- _PROBLEM TO WORK ON_
Within the listing that follows, reproduce exactly the lines starting at the line with "卡通拟人花生 质感 二次元" and ending at the line with "Le bureau Gnome Classique sur Debian", inclusive, and only those. Pictures are dropped.

- _EXTRACTED INFORMATION_
=-=-=

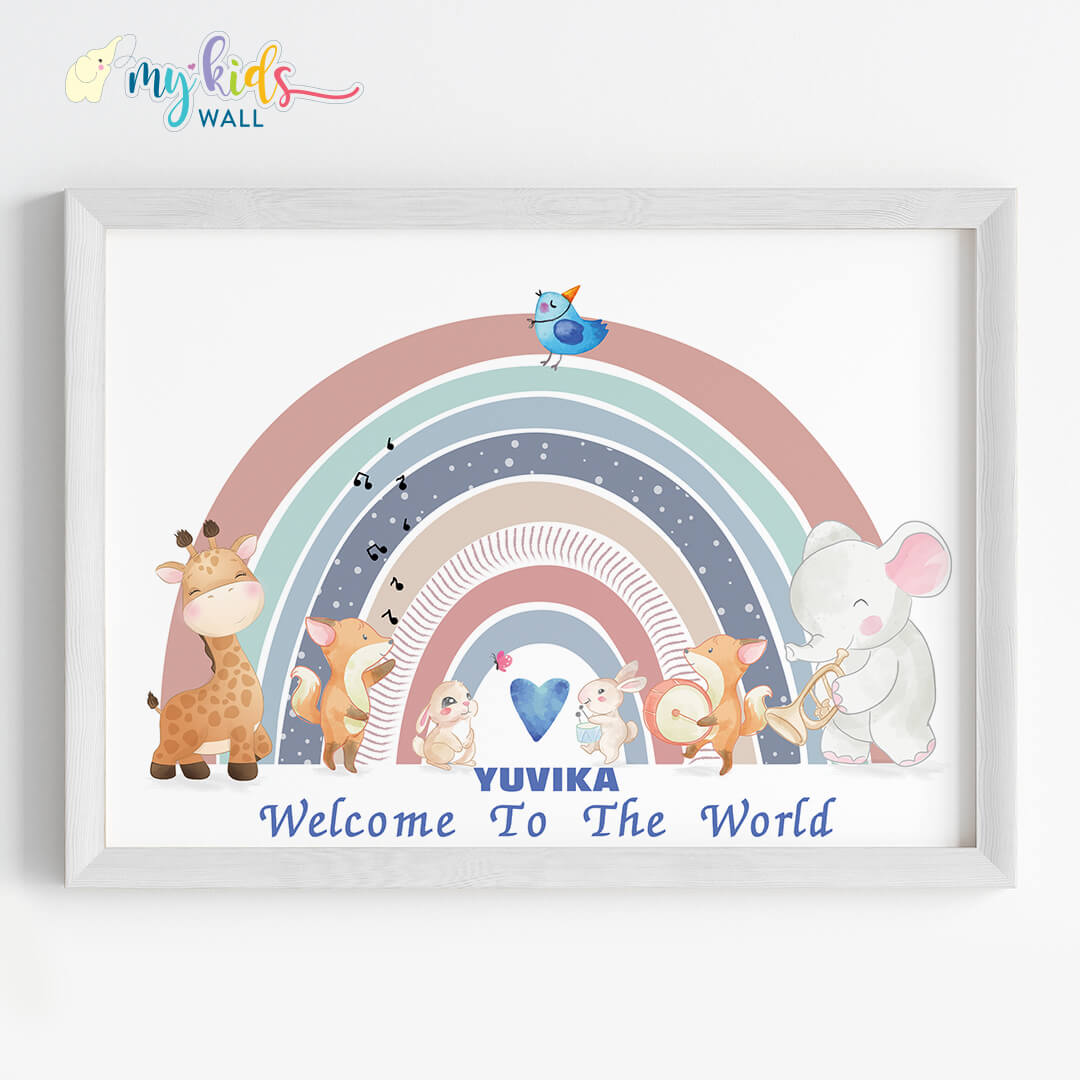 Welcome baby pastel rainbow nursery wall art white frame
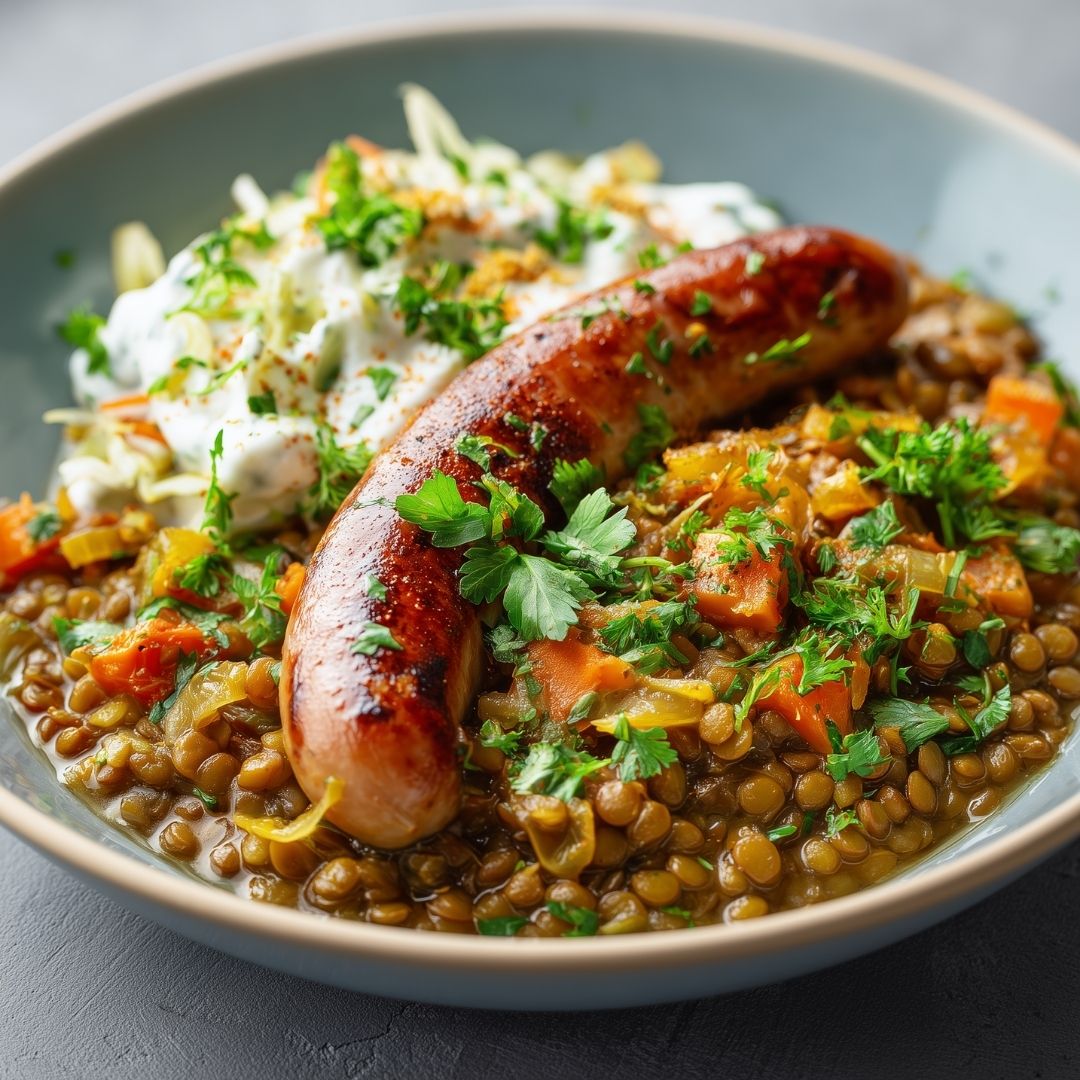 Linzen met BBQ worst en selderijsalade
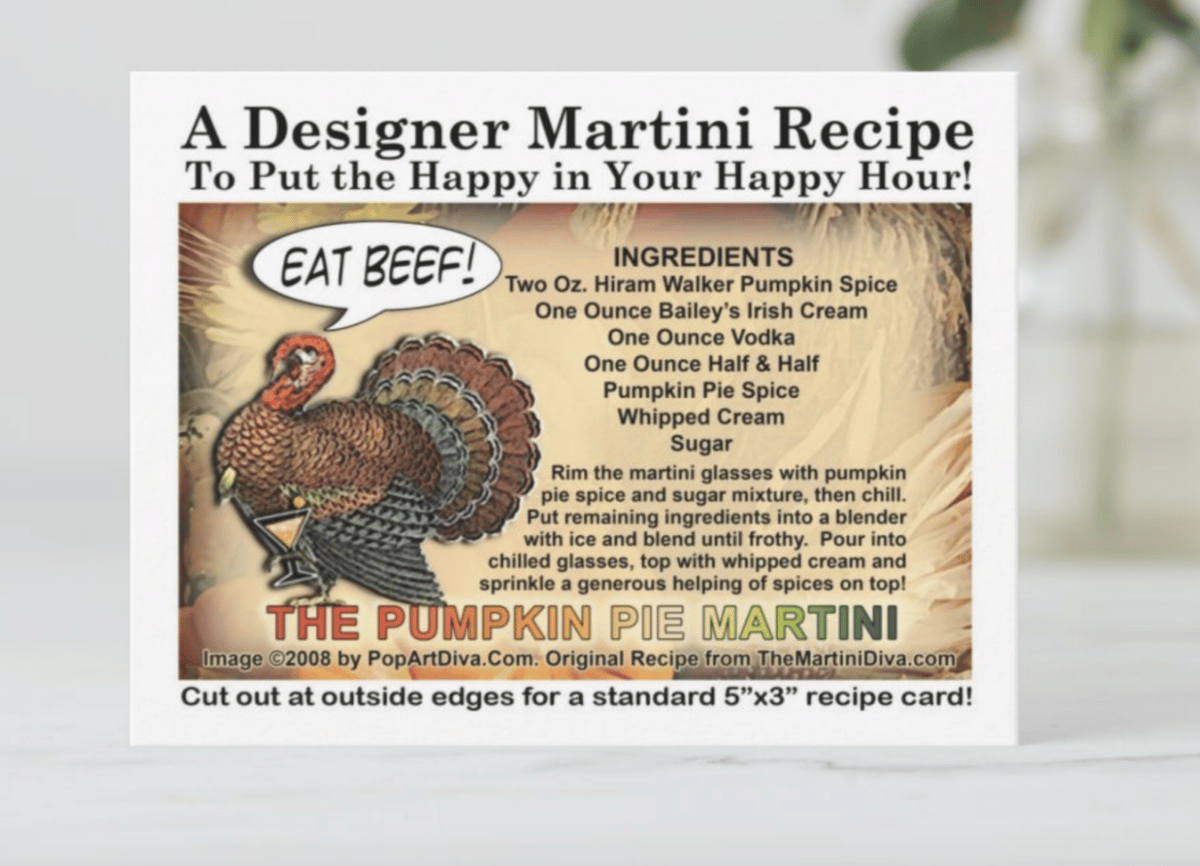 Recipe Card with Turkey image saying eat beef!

=-=-=

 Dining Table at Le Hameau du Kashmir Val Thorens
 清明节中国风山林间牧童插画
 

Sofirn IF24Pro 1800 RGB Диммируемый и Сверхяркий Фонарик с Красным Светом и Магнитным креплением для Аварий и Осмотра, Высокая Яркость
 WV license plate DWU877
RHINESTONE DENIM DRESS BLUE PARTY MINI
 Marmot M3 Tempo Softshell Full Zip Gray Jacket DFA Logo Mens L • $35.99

=-=-=

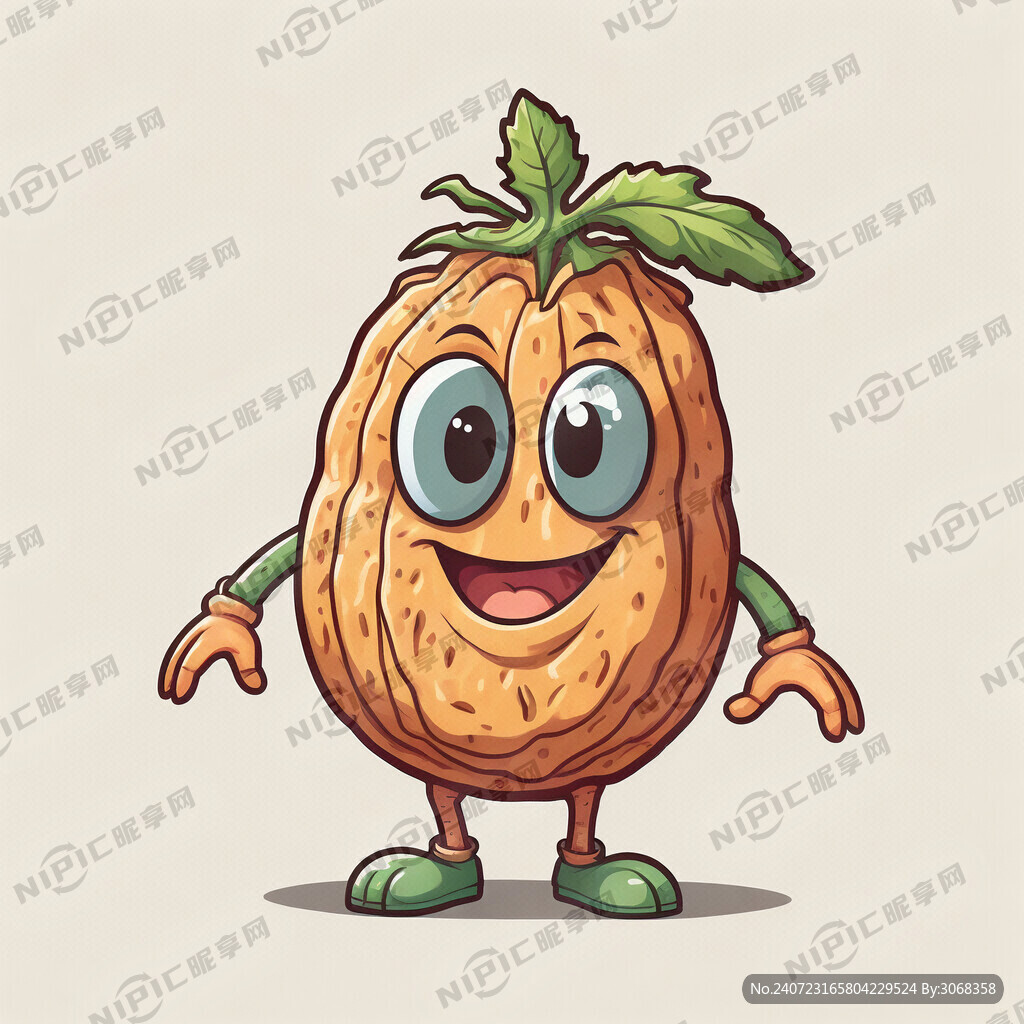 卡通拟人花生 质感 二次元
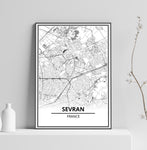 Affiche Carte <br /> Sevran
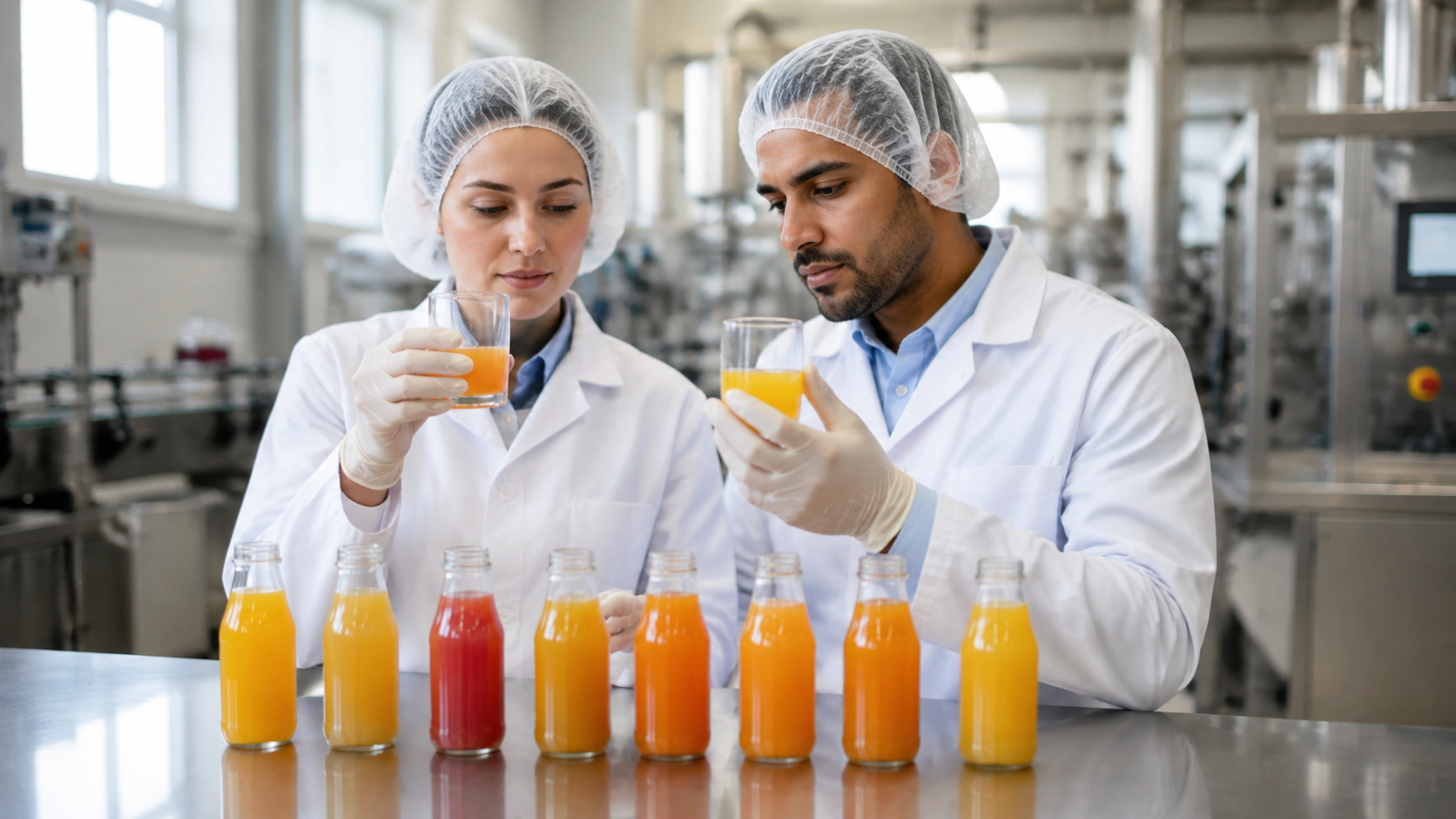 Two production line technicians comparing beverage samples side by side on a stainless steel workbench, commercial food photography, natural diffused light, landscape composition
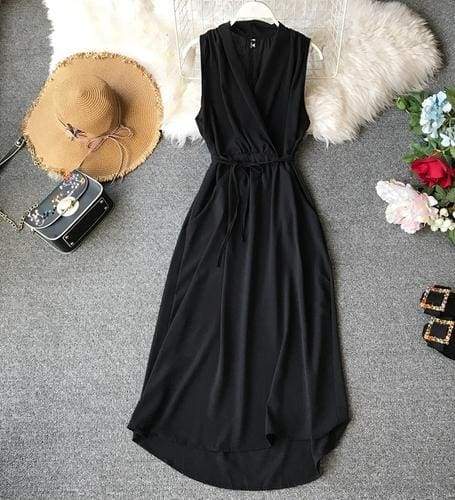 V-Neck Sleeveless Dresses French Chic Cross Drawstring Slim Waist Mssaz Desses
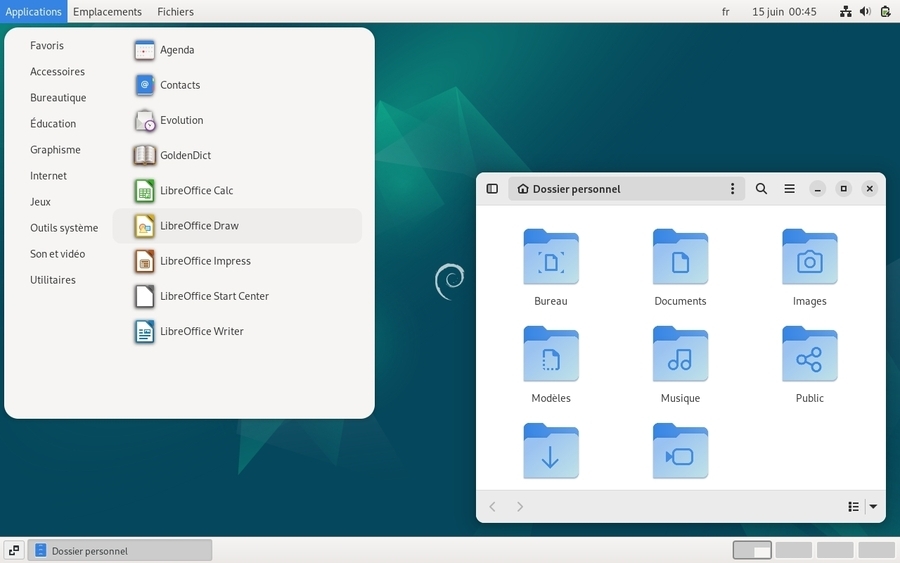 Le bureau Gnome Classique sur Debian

=-=-=

- _OUTPUT OF THE EXERCISE_
 卡通拟人花生 质感 二次元
 Affiche Carte <br /> Sevran
 Two production line technicians comparing beverage samples side by side on a stainless steel workbench, commercial food photography, natural diffused light, landscape composition
 V-Neck Sleeveless Dresses French Chic Cross Drawstring Slim Waist Mssaz Desses
 Le bureau Gnome Classique sur Debian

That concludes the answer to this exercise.